Material for this task =
____________________

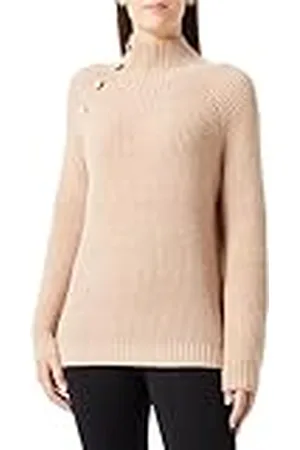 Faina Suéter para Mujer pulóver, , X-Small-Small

____________________

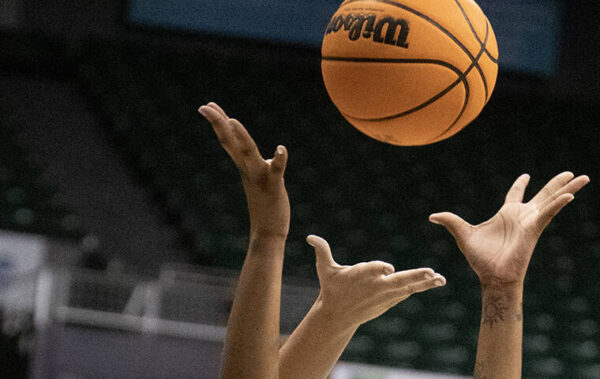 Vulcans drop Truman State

____________________

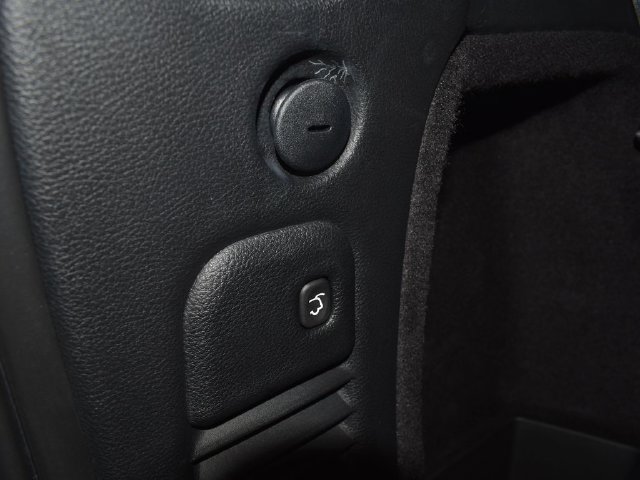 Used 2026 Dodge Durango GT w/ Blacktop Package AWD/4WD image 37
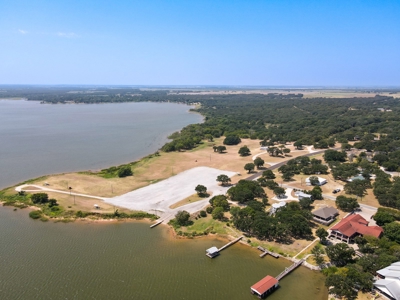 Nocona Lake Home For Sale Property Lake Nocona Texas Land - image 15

____________________

Brief =
Repeat exactly the lines above, from the line that contains "Used 2026 Dodge" down through the line that contains "Nocona Lake Home". Include both of those lines and none of the pictures.

Answer for the task =
 Used 2026 Dodge Durango GT w/ Blacktop Package AWD/4WD image 37
 Nocona Lake Home For Sale Property Lake Nocona Texas Land - image 15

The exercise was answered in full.